● **ACTION ITEM**: Your answer should hold only the lines from the one with "Hispanic man with" through the end of the listing below, each retyped exactly.

● **MATERIAL FOR THE TASK**:
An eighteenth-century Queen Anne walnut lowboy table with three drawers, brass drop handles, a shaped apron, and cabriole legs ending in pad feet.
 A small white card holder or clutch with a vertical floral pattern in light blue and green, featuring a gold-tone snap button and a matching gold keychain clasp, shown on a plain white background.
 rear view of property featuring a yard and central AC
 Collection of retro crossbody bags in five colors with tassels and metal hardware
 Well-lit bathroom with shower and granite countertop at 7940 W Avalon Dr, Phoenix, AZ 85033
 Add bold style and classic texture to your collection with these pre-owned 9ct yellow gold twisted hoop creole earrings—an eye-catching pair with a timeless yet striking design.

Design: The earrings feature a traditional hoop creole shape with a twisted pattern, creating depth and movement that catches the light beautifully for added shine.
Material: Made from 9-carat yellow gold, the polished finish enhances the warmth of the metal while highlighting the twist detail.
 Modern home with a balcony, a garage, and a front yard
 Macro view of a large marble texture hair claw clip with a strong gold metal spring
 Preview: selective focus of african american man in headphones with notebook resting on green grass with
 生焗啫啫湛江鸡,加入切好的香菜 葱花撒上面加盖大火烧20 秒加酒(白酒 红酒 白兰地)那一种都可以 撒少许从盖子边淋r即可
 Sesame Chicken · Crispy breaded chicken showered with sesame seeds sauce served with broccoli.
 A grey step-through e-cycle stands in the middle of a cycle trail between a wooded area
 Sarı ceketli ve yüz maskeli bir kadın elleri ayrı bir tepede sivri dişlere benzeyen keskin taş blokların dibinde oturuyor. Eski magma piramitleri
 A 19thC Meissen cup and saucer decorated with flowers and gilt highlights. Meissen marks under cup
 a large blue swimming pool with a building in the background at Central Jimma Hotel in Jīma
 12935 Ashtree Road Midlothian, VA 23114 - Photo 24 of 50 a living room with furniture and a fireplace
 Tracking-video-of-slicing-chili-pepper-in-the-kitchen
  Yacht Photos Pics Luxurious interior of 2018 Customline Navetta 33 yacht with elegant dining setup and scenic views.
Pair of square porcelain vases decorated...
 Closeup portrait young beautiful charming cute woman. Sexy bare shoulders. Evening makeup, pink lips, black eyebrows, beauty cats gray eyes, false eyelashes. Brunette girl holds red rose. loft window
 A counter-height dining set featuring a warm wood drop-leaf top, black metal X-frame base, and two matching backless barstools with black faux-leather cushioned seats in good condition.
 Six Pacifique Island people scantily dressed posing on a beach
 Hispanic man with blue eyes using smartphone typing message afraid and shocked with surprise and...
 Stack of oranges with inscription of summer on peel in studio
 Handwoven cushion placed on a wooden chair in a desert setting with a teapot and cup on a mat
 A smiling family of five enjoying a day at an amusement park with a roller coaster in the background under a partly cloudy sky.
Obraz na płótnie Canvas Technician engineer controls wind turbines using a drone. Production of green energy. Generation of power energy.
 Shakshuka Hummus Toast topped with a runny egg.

● **SOLUTION FOR THIS TASK**:
 Hispanic man with blue eyes using smartphone typing message afraid and shocked with surprise and...
 Stack of oranges with inscription of summer on peel in studio
 Handwoven cushion placed on a wooden chair in a desert setting with a teapot and cup on a mat
 A smiling family of five enjoying a day at an amusement park with a roller coaster in the background under a partly cloudy sky.
Obraz na płótnie Canvas Technician engineer controls wind turbines using a drone. Production of green energy. Generation of power energy.
 Shakshuka Hummus Toast topped with a runny egg.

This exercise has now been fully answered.